I wonder how K2.5 + OpenCode compares to Opus with CC. If it is close I would let go of my subscription, as probably a lot of people.

eknkc4 hours ago

It is not opus. It is good, works really fast and suprisingly through about its decisions. However I've seen it hallucinate things.

Just today I asked for a code review and it flagged a method that can be `static`. The problem is it was already static. That kind of stuff never happens with Opus 4.5 as far as I can tell.
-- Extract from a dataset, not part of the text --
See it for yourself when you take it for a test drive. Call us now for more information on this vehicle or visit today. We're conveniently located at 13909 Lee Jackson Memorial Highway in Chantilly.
Also, in an opencode Plan mode (read only). It generated a plan and instead of presenting it and stopping, decided to implement it. Could not use the edit and write tools because the harness was in read only mode. But it had bash and started using bash to edit stuff. Wouldn't just fucking stop even though the error messages it received from opencode stated why. Its plan and the resulting code was ok so I let it go crazy though...

esafak3 hours ago

Some models have a mind of their own. I keep them on a leash with `permission` blocks in OC -- especially for rm/mv/git.

naragon4 hours ago

I've been using K2.5 with OpenCode to do code assessments/fixes and Opus 4.5 with CC to check the work, and so far so good. Very impressed with it so far, but I don't feel comfortable canceling my Claude subscription just yet. Haven't tried it on large feature implementations.

ithkuil4 hours ago

I also wonder if CC can be used with k2.5 with the appropriate API adapter

cmrdporcupine1 hour ago

DeepSeek is likely to release a new model soon, and judging from the past it's likely to be more cost effective and just as or more powerful than Kimi 2.5.
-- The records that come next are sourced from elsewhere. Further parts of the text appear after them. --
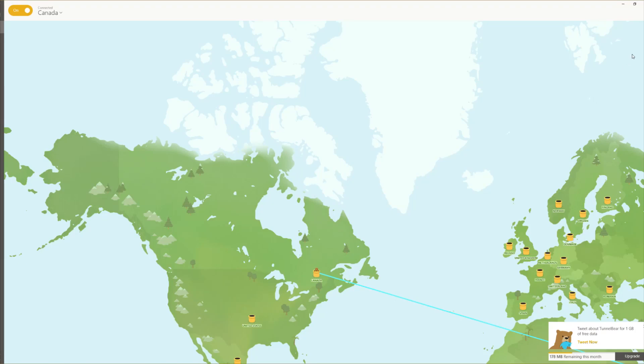Hey guys, this is Joe. If you guys are facing issues downloading the 0.12 patch for Escape from Tarkov, you can try downloading a VPN software called TunnelBear. I'll be leaving the link in the description area.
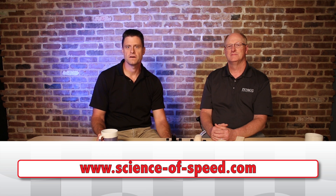Thank you for joining us today. Please check out our other videos and our website at scienceofspeed.com.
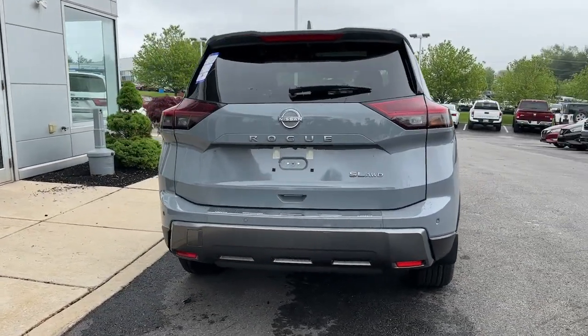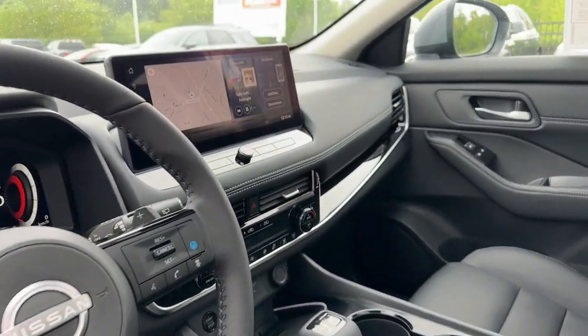Enjoy the convenience and comfort this Rogue has to offer. Come in for a fun and easy test drive. Our team will make it the best part of your day.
DeepSeek 3.2 was already quite compelling. I expect its successor will be competitive.

llmslave4 hours ago

The benchmarks on all these models are meaningless

alchemist1e94 hours ago

Why and what would a good benchmark look like?

moffkalast3 hours ago

30 people trying out all models on the list for their use case for a week and then checking what they're still using a month after.

gedy3 hours ago

Sorry if this is an easy-answerable question - but by open we can download this and use totally offline if now or in the future if we have hardware capable? Seems like a great thing to archive if the world falls apart (said half-jokingly)

Tepix53 minutes ago

You could buy five Strix Halo systems at $2000 each, network them and run it.
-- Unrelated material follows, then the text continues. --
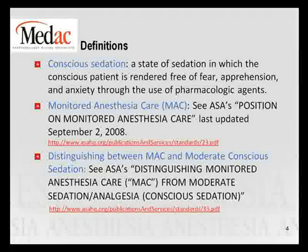The CCI — the Correct Coding Initiative, which we'll talk about later — states that conscious sedation is included in the GI procedure fee collected for Medicare, and therefore should not be reimbursed separately for the anesthetic. Monitored anesthesia care is the next level up, where a qualified anesthetist — a CRNA, anesthesiologist, or anesthesia assistant — provides a deeper level of sedation where the patient could potentially need to be converted to general.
Rough estimage: 12.5:2.2 so you should get around 5.5 tokens/s.

j-bos44 minutes ago

Is the software/drivers for networking LLMs on Strix Halo there yet? I was under the impression a few weeks ago that it's veeeery early stages and terribly slow.

fragmede40 minutes ago

Yes but the hardware is > $100k so hopefully your bunkermates are rich.

Carrok2 hours ago

Yes.

cmrdporcupine2 hours ago

Yes, but you'll need some pretty massive hardware.

behnamoh4 hours ago

It's a decent model but works best with kimi CLI, not CC or others.

alansaber4 hours ago

Why do you think that is?

chillacy4 hours ago

I heard it's because the labs fine tune their models for their own harness. Same reason why claude does better in claude code than cursor.